EXERCISE BRIEF
Set down exact lines only, from the line with "Szary sweter damski" through the last line of the material below, with every picture left out.

DATASET EXCERPT
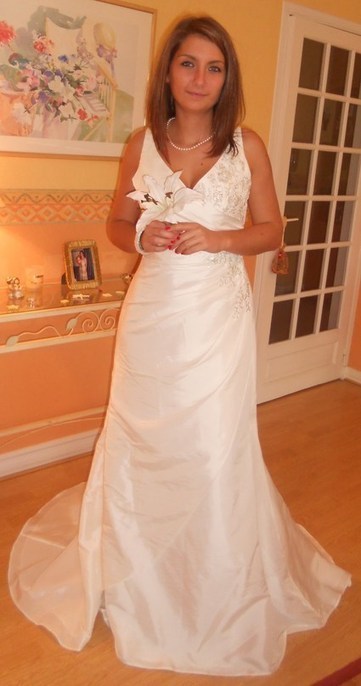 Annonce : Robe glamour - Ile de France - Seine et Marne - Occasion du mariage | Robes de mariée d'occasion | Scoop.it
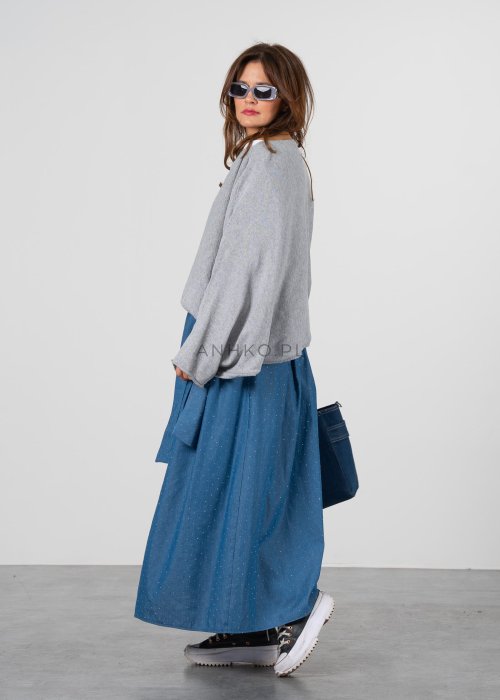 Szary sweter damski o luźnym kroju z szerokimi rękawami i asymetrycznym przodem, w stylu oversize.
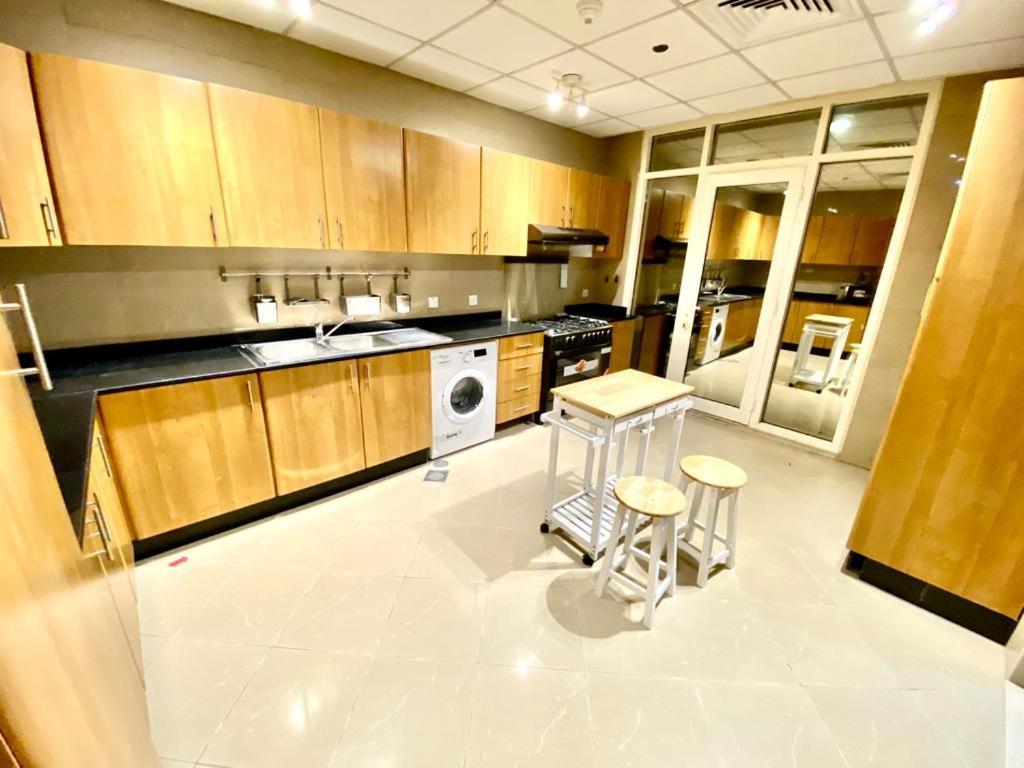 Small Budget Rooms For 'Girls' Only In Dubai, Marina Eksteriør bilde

SOLUTION TO THIS EXERCISE
 Szary sweter damski o luźnym kroju z szerokimi rękawami i asymetrycznym przodem, w stylu oversize.
 Small Budget Rooms For 'Girls' Only In Dubai, Marina Eksteriør bilde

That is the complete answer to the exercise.